The 2021 Proxy Season
This section of the report presents information the 435 shareholder proposals investors have filed so far for the 2021 proxy season, up from 429 at this point in 2020. Additional proposals for spring votes will show up as the season progresses and more are likely to be filed for meetings that occur after June. A handful of proposals are included in the aggregate totals but not described in detail since they have yet to be made public by the proponents. The numbers this year are a little bit higher than last year, and up from 387 that had been filed at this point in 2019. As noted above, although new SEC rules have significantly increased resubmission thresholds and made it much harder to file proposals, these will not go into effect until 2022. Whether the new Biden administration will spend political capital to alter the new rules, which are very unpopular with proponents, remains an open question—as does whether proponents will sue to overturn the rule and what the outcome of any litigation might be.
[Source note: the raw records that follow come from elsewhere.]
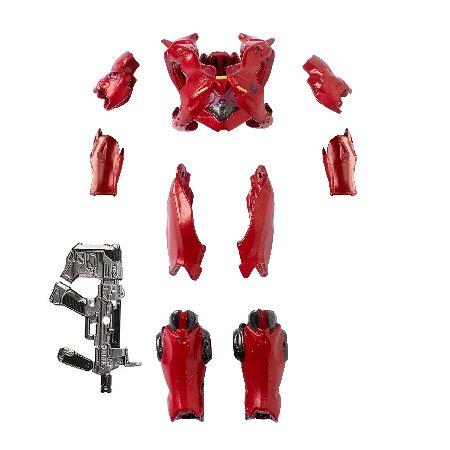 ヘイロー　6インチ　スパルタン　5体セット MATTEL（マテル） HALO / ヘイロー 6インチ アクションフィギュア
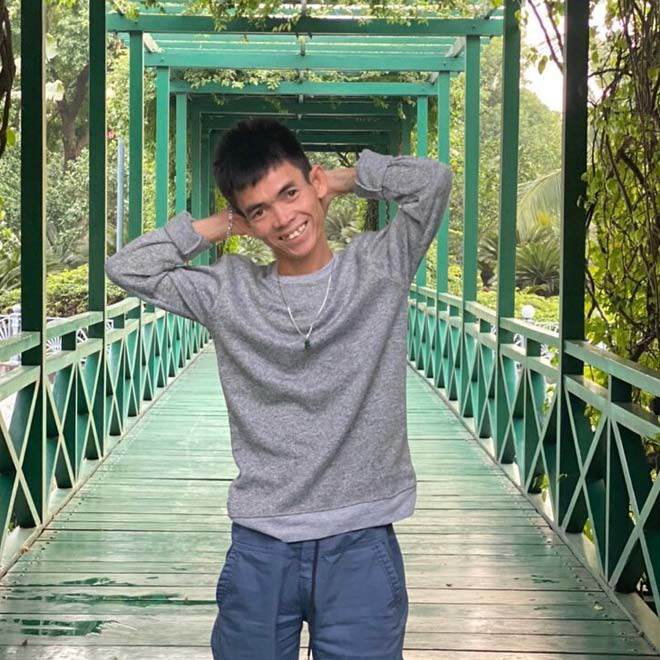 Anh chàng nổi tiếng bởi sự giản dị, chân phương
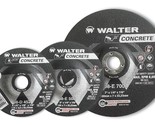 Silicone Carbide Grit C-24 Finishing Products, Walter Concrete, Pack Of 10. - £129.44 GBP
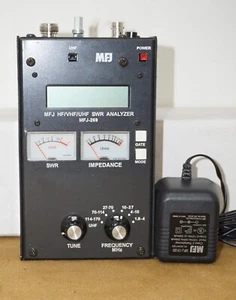 MFJ-269 HF/VHF/UHF SWR ANALYZER - OPEN BOX, TESTED WORKING - VERY WELL - Picture 1 of 6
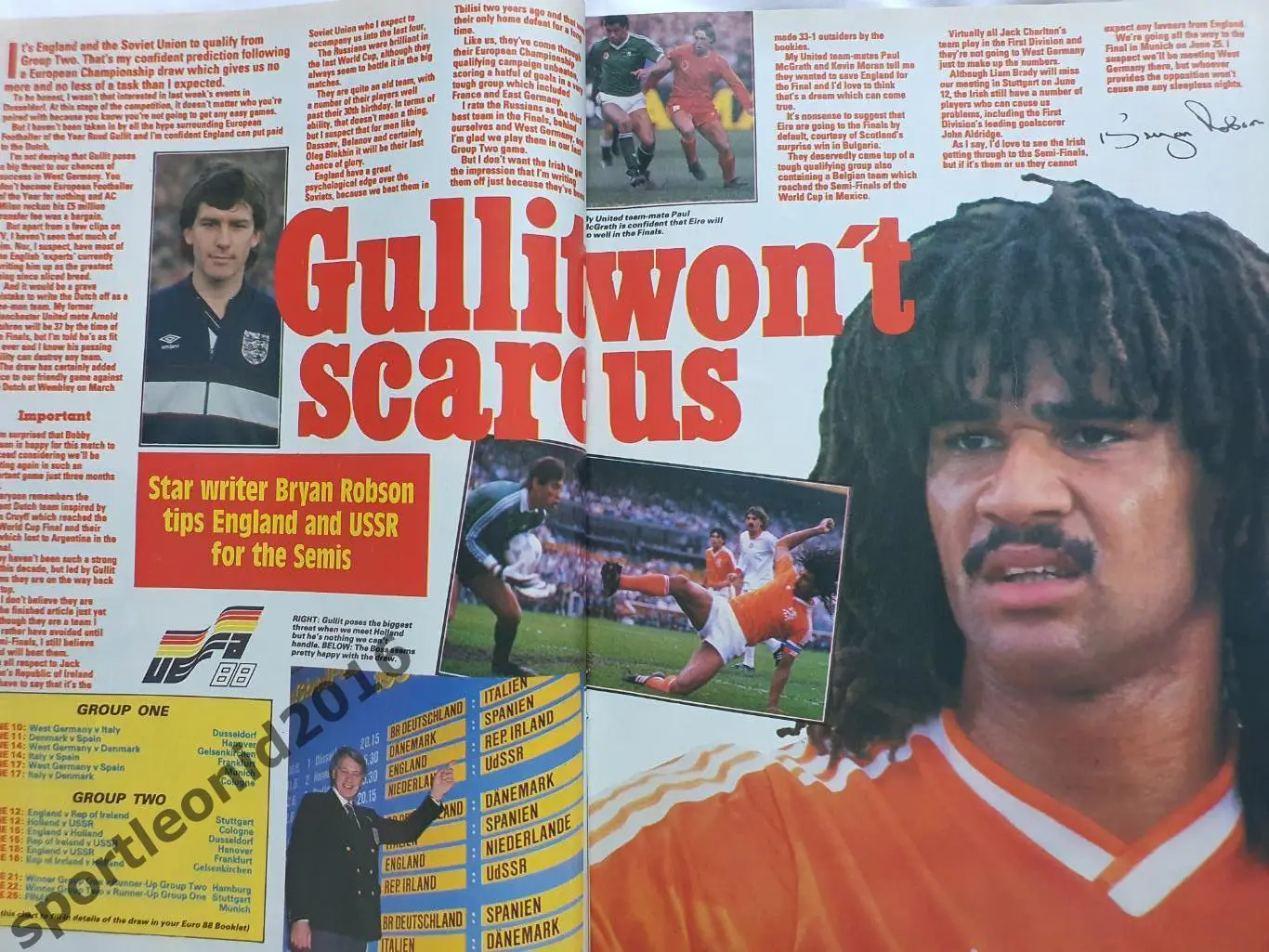 SHOOT- 1988. январь.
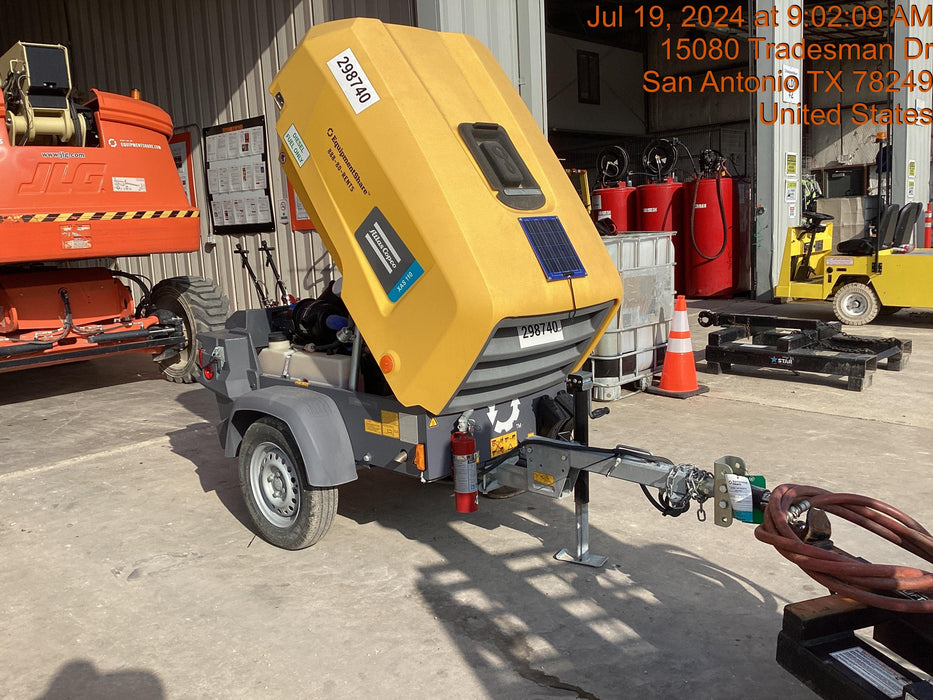 2023 ATLAS COPCO XAS 110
Structure of the report: Information is presented in three main areas—Environment; Social and Sustainable Governance. A separate section covers Conservatives. We note how many proposals have been filed in each category, which are now pending, how many have been withdrawn for tactical or substantive reasons after negotiated agreements with companies, and the disposition of challenges to the proposals at the SEC under its shareholder proposal rule. Rule 14a-8 of the 1934 Securities and Exchange Act allows companies to omit proposals from their proxy statements if they fall into certain categories such as dealing with mundane, “ordinary business” issues. (See www.proxypreview.org for details on the rule.)
Analysis in this report focuses on the resolved clauses and how these compare to previous proposals, as well as previous support for resubmitted resolutions and new developments. We pay close attention to the SEC’s interpretations of the omission rules, considering guidance documents released annually during the Trump administration; those set out some new interpretations from the commission’s Division of Corporation Finance about whether a resolution concerns “ordinary business” or is “significantly related” to company business.
Voting eligibility—To vote on proposals, investors must own the stock as of the “record date” set by the company, about eight weeks before the meeting.